AIPAC President Lee Rosenberg starts the annual conference’s second day by citing giant Jewish prophets such as Isaiah, Herzl and implicitly Dylan to warn the assembled: The political landscape, it is a-changing.

He breaks it down into three components:

Demography: Americans are moving south and west. Major congressional delegations in the Northeast and Midwest — New York, New Jersey and Ohio — are depleting.

Congressional turnover: This is the most startling warning — AIPAC can no longer rely on incumbency. In part because of the noted demographic trends, a third of the Congress has turned over in two years.

Incumbency has been AIPAC’s friend: Keep supporting Israel, the deal goes, and we’ll help keep you in office. That tradition has made it easy to build long-term relationships and to inculcate lawmakers with an institutional pro-Israelism.

As Rosenberg put it, dramatically: "Knowledge and institutional memory — gone! Continuity — gone!
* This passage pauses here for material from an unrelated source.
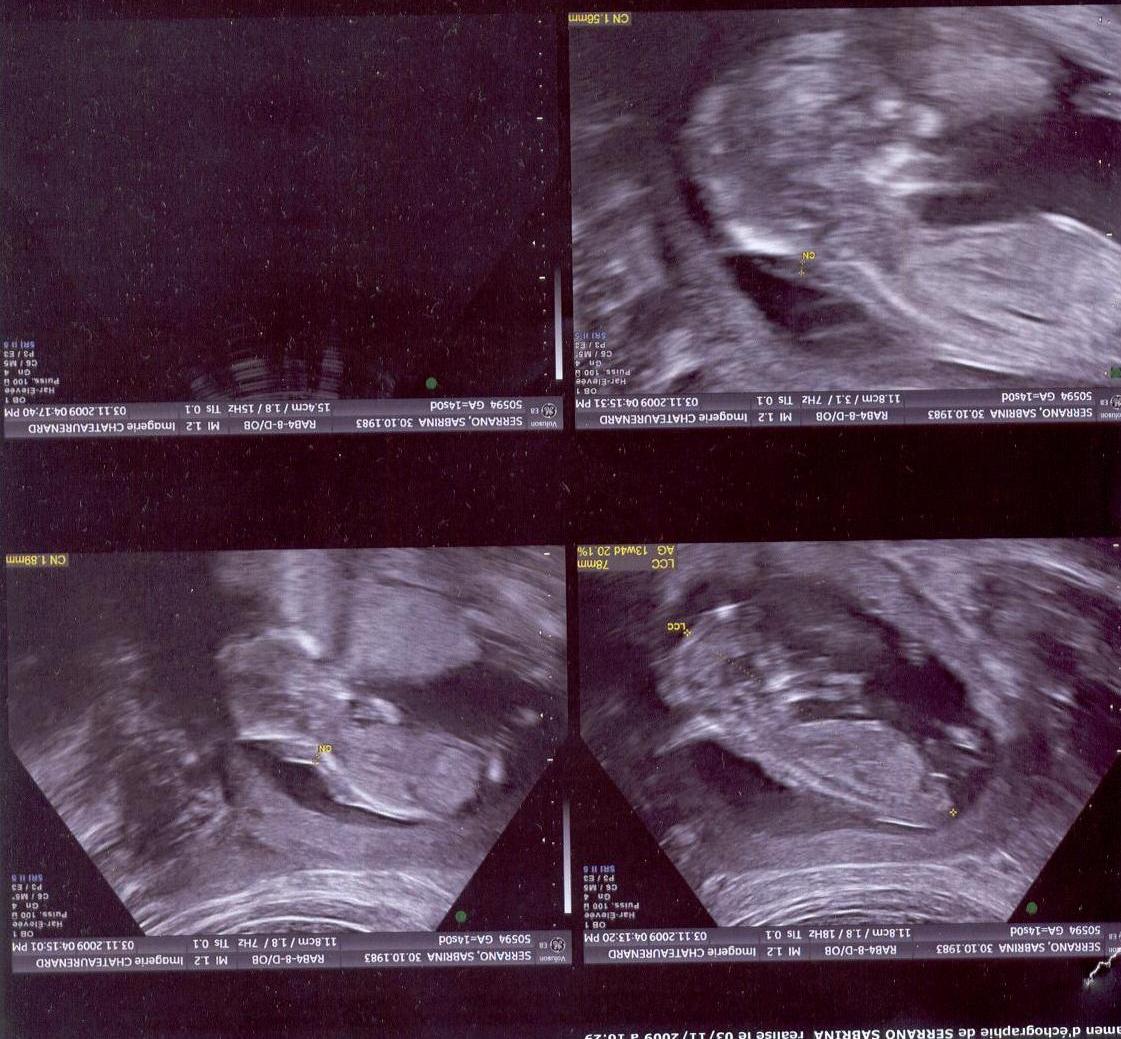 Quelqun Pour Avis Sexe Bebe Echographie Connaitre Le Sexe De Votre Bebe Forum Grossesse Amp Bebe Doctissimo Quelqun Pour Avis Sexe Bebe Echographie Connaitre Le Sexe De Votre Bebe Forum Grossesse Amp Bebe Doctissimo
Relationships — gone!"

Money: The cost of congressional elections is skyrocketing, but the number of major pro-Israel donors is remaining static. "It’s not sustainable," he said.

AIPAC is launching programs to train AIPAC activists not only in activism but in the importance of fundraising, he said.

Rosenberg’s speech is followed by testimonials from four formerly "apathetic" activists, who are then joined by a cross-country crowd on stage.

One of them delivers the message:

"If you only contribute tio AIPAC and not to politics as well, we are actually shortchanging our work. AIPAC and political giving go hand in hand."